This is a topic I’ve thought about a lot, largely because I had to correct a paper. It was the most stressful episode of my academic career. During that period, my anxiety was as high as it has ever been. A few people have suggested I should write a blog post about it in the past, but it still felt too raw – just thinking about it was enough to cause an anxiety surge. So, I was a little surprised when my first reaction to reading Dan’s post was that maybe now is the time to write about my similar experience. When Brian wrote a post last year on corrections and retractions in ecology (noting that mistakes will inevitably happen because science is done by humans and humans make mistakes), I still felt like I couldn’t write about it. But now I think I can. Dan and Brian are correct that it’s important to own up to our failures, even though it’s hard. Even though correcting the record is exactly how science is supposed to work (and I did corrected the paper as soon as I discovered the error), it still is something that is very hard for me to talk about.

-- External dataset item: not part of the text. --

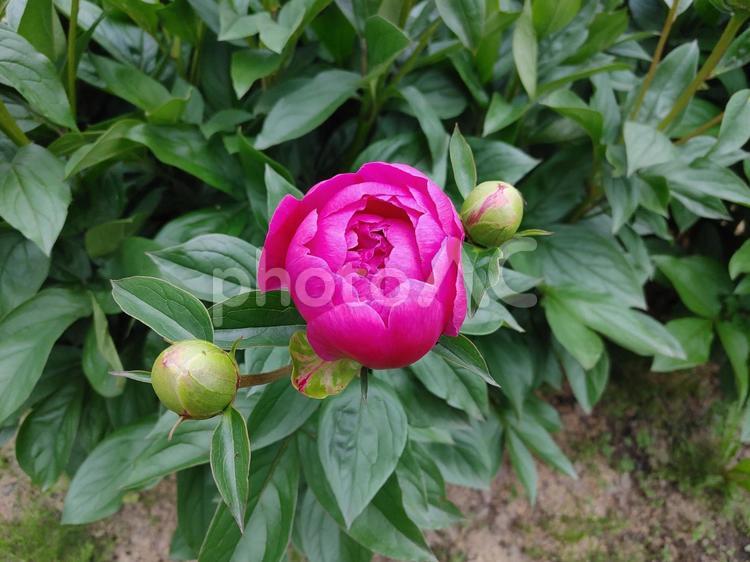シャクヤク シャクヤク,ピンク,芍薬の写真素材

To explain more about what happened in the case of my paper: while I was at Georgia Tech, we did a really huge experiment where we quantified evolution in 7 populations in response to parasite epidemics. This was paired with an intensive field survey (led by my collaborator Spencer Hall) and theoretical work (done with Chris Klausmeier). Chris and I did the theory first, leading to predictions for how evolution should vary with epidemic size. After many, many months of collecting data, when I finally plotted the results, they matched our predictions beautifully. I printed off the figure and ran down the hall to my colleague Mike Goodisman’s office. I was so excited about it that I could hardly explain what we’d found. I don’t think my attempted explanation made any sense to Mike, but he shared my enthusiasm anyway. I will forever remember that moment.
We wrote up a paper laying out that predation and productivity environment drove epidemic size, and that, in turn, determined the type of evolution that occurred in the host population. We thought this was really neat, and were excited that the reviewers at Science did, too. That an image I submitted was selected for the journal cover was icing on the cake. It was such a high when that paper came out.
The paper came out in the spring of 2012. That summer, I moved to Michigan. In early March, I had my second child. In early May (days after I’d turned off the autoreply on my email), I received a request from someone for the data and code related to the paper. The request was kind of strange – it seemed to be a form letter, and was from someone who seemed to be a computer science student who didn’t give any indication for why they were interested in the data and code. (My guess is that it was a study that was testing whether scientists share data and code.) Still, the person asked for the data and code, and I wanted to share it. It was a Friday evening when I got the email, but I had a little time while the baby was napping, and figured I would work on it then. I pulled up the files just to make sure everything was in order and that I could explain in an email what everything was. (We’ve since gone to always publishing data with our studies, but we hadn’t made that shift yet and this was the first time I was sharing the data for this study.) In doing that check, I scanned through the data file and something stood out to me – there were a couple of phosphorus values that were way too high. Way, way too high. I immediately realized something had gone wrong and wanted to vomit. (I may actually have vomited. I can’t remember.)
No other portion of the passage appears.